Annual Report for 2005-2006
David Ray, Associate Minister for Small Church Development

Four out of five churches in the Maine Conference of the United Church of Christ are small churches, meaning they average less than one hundred in worship. Two years ago you called me to work half-time specifically with the smallest of your small churches—the approximately sixty-five churches with pastors who serve less than two-thirds time. For the last two years I’ve been working to help eighteen of our churches find pastoral leadership; staffing our Small Church Mission Team as they serve as a resource and source of small funding to our smaller churches; preaching, teaching, consulting with our smaller churches; providing leadership for gatherings of pastors and laity of our smaller churches; collaborating with Bangor Theological Seminary and its students; working with the rest of our superb Conference staff; reaching out to my ecumenical colleagues in other denominations; and, generally, doing what I can to help our smaller churches move from survival to greater faithfulness and effectiveness.
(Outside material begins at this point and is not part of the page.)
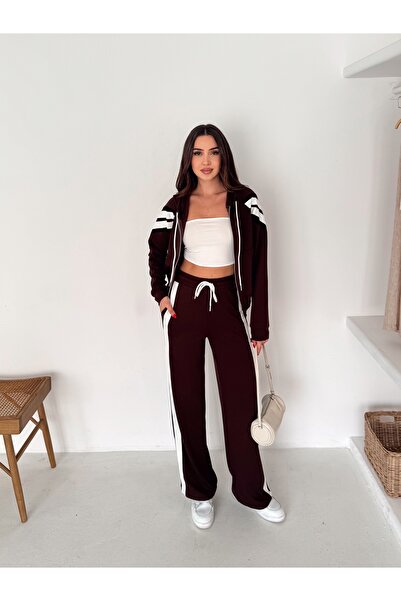 Gugus Women's Zippered Tracksuit with Hooded Side Stripes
As financially strapped churches down-size from full-time to part-time ministry, the number of churches I work with is growing larger, not smaller,. The fact that many of our churches are down-sizing does not mean they’re on the slippery slope to eventual extinction. I’m fond of saying that no church has closed for lack of money, but for lack of energy, will, and creativity. I’m committed to helping any church that can define a mission for itself find a way of living. The greatest challenge before us is creating a rich range of alternative ways of being a church, beyond the full-time pastor serving one church model.
In the future we will see more part-time and bivocational pastors, more ecumenical sharing of facilities and pastors, more shared ministries between congregations, more churches abandoning buildings that have become albatrosses for them, more churches led by lay pastors, etc. Toward these ends I’ve helped create an ecumenical shared ministry in mid-coast Maine, advocated for a lay pastor training program for northern New England, helped congregations stretch to consider pastoral leadership that previously had been ignored, and helped congregations consider alternative ways of being a church.
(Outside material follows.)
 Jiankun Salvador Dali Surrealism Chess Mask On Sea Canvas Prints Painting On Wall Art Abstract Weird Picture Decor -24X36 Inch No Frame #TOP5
The pastor is key. So I’m working to help churches that are searching for a pastor find more gifted pastors who will stay longer. Gifted pastors are important because a congregation will probably not progress further or faster than their pastor can lead them. Length of tenure is important because smaller churches have been plagued by pastors who stay for one or two years and then leave. We’re being effective in finding pastors who are committed to and able to stay longer, resulting in churches that will risk more toward greater faithfulness. We’re also being effective in helping churches call pastors that don’t fit the narrow guidelines that used to prevail. I commend our Brownville church who, showing real courage and wisdom, chose to call an openly gay pastor. Under his leadership the church has reversed course and is doing very well as they grow to love their pastor.
Finances are crucial. It’s costing more and more to afford being a church. Using the theme, “Affording to Be a Small Church,” the Small Church Mission Team sponsored a great event for our smaller churches at Bangor Seminary last April and conducted two workshops on small church investments in May.
Thank you for letting me serve among you and for recognizing that God is still speaking to and through our smaller churches.